The following data is to be repeated exactly, its pictures excluded.

━━ DATA RECORDS ━━

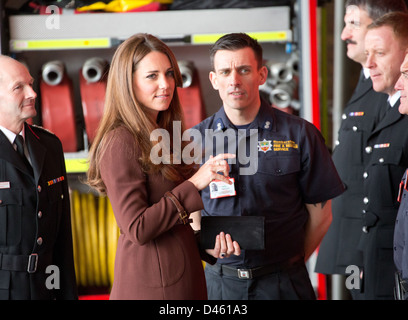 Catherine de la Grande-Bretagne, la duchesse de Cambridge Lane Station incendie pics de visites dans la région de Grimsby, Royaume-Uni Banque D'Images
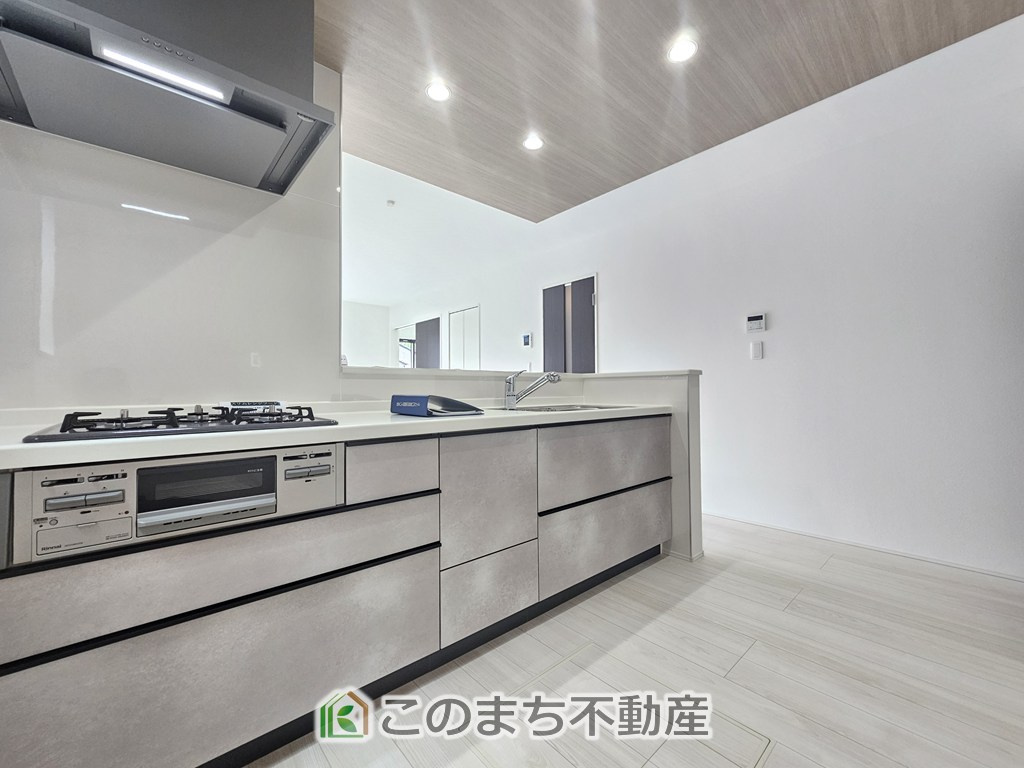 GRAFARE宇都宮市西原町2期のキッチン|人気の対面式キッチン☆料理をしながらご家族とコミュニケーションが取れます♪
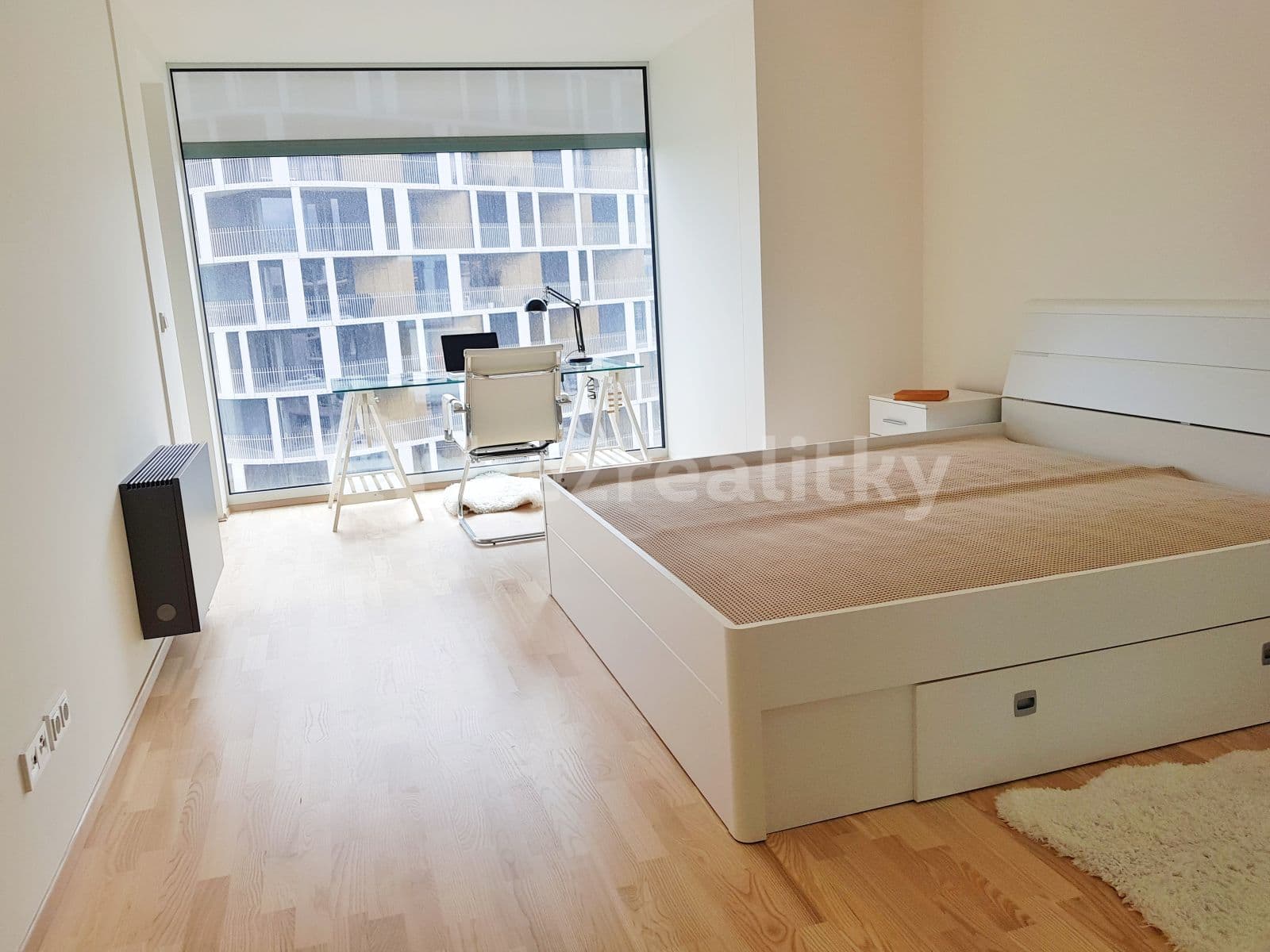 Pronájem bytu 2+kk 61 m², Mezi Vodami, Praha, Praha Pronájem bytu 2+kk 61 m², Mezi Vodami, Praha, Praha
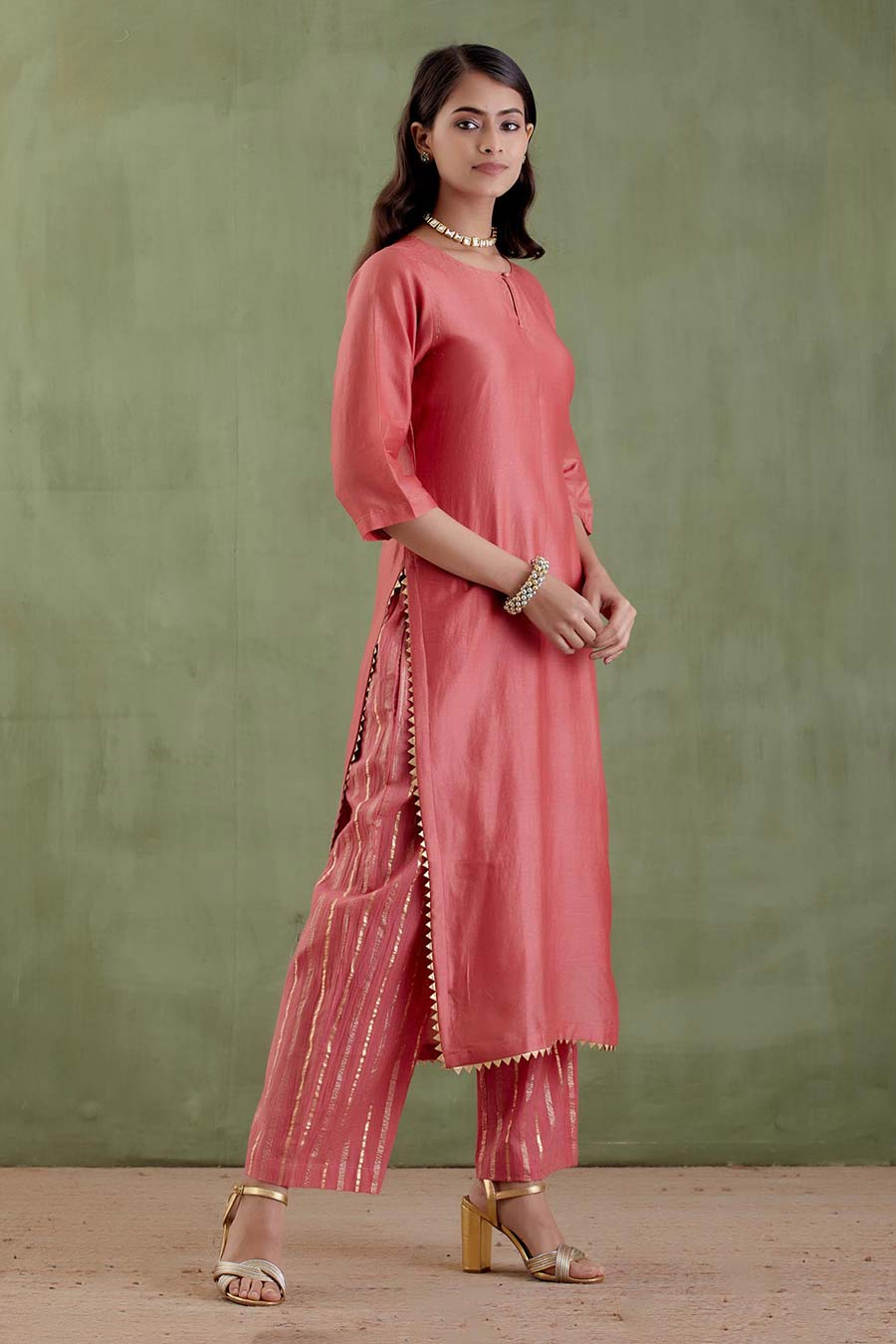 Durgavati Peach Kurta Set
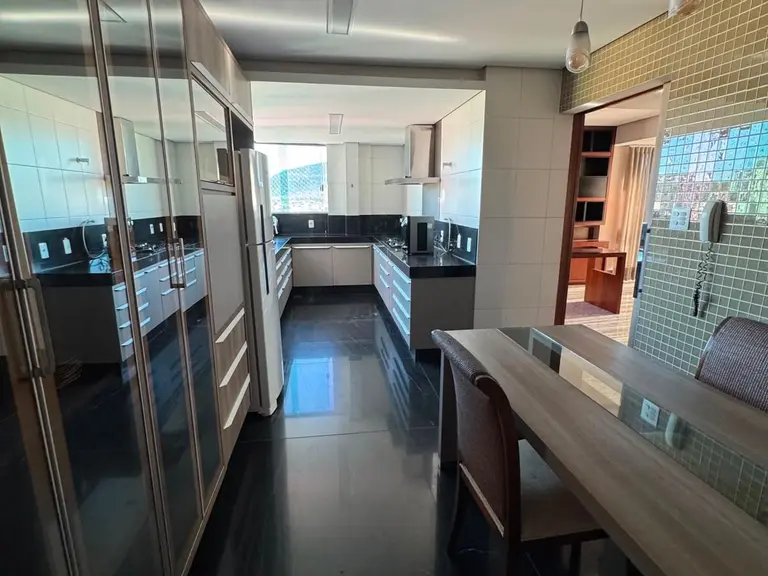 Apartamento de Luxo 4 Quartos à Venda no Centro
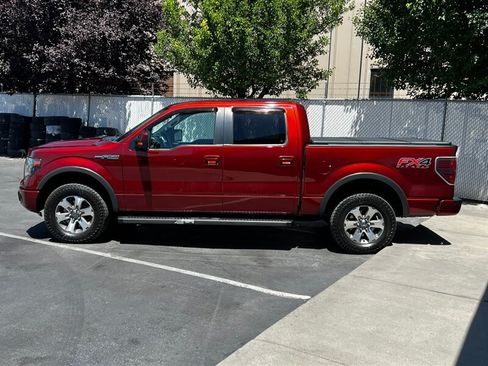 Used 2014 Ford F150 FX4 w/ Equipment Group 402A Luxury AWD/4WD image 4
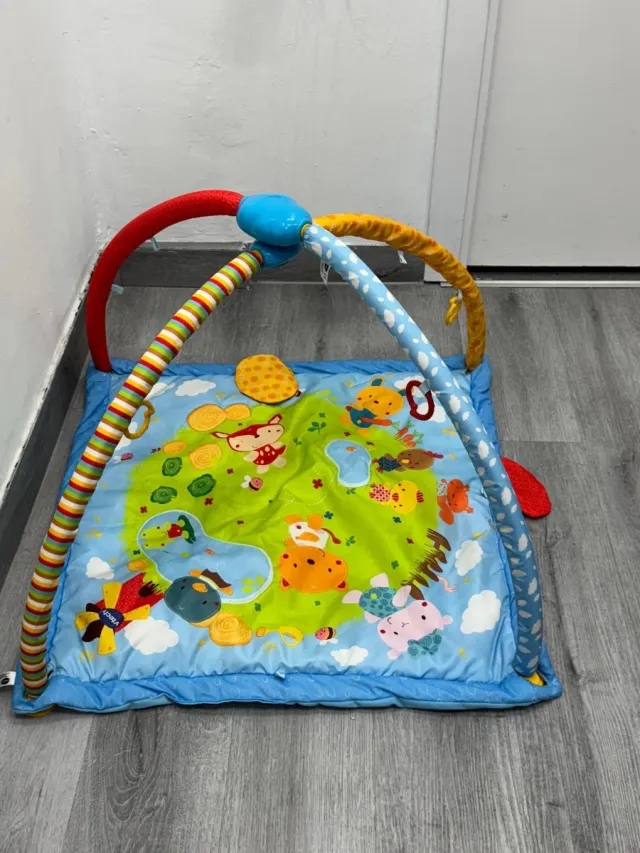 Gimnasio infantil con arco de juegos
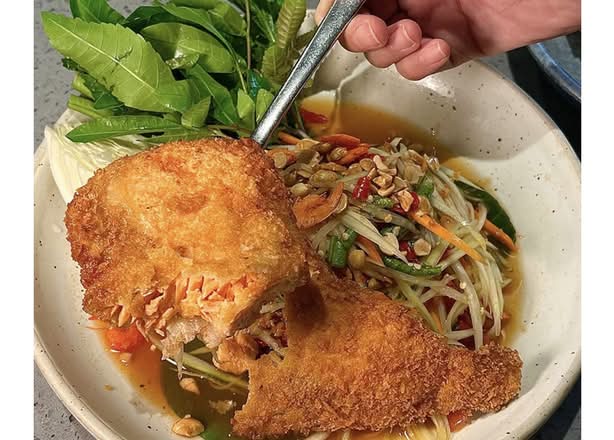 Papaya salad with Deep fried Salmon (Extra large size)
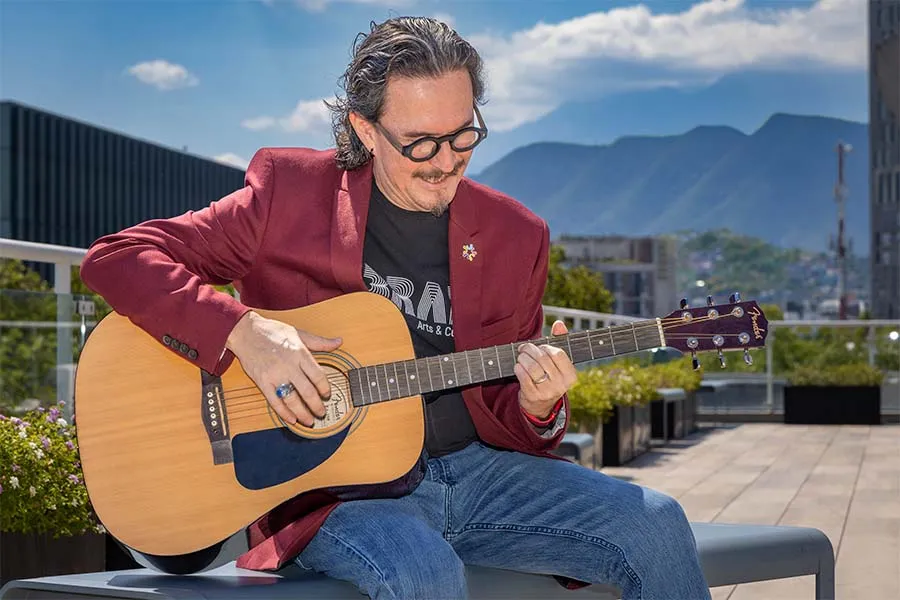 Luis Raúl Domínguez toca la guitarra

━━━

- SOLUTION:
 Catherine de la Grande-Bretagne, la duchesse de Cambridge Lane Station incendie pics de visites dans la région de Grimsby, Royaume-Uni Banque D'Images
 GRAFARE宇都宮市西原町2期のキッチン|人気の対面式キッチン☆料理をしながらご家族とコミュニケーションが取れます♪
 Pronájem bytu 2+kk 61 m², Mezi Vodami, Praha, Praha Pronájem bytu 2+kk 61 m², Mezi Vodami, Praha, Praha
 Durgavati Peach Kurta Set
 Apartamento de Luxo 4 Quartos à Venda no Centro
 Used 2014 Ford F150 FX4 w/ Equipment Group 402A Luxury AWD/4WD image 4
 Gimnasio infantil con arco de juegos
 Papaya salad with Deep fried Salmon (Extra large size)
 Luis Raúl Domínguez toca la guitarra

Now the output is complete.